• [What the exercise asks]: Consider the listing below. Extract exactly the lines from the line containing "Wholesale Iowa State #1 Fan Metal Tag" to the line containing "CAS 1029654-35-0 |", both included.
Start of Material to process
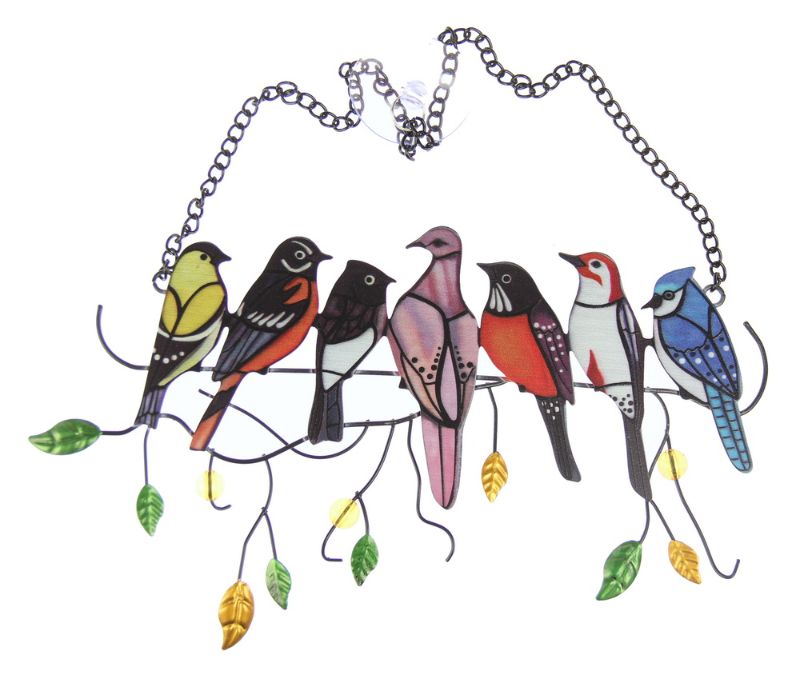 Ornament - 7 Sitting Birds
End of Material to process
Start of Material to process
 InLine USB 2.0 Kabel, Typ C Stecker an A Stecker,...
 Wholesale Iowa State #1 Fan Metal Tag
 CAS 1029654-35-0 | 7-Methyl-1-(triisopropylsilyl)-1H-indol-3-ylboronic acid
End of Material to process
• [Exercise response]:
 Wholesale Iowa State #1 Fan Metal Tag
 CAS 1029654-35-0 | 7-Methyl-1-(triisopropylsilyl)-1H-indol-3-ylboronic acid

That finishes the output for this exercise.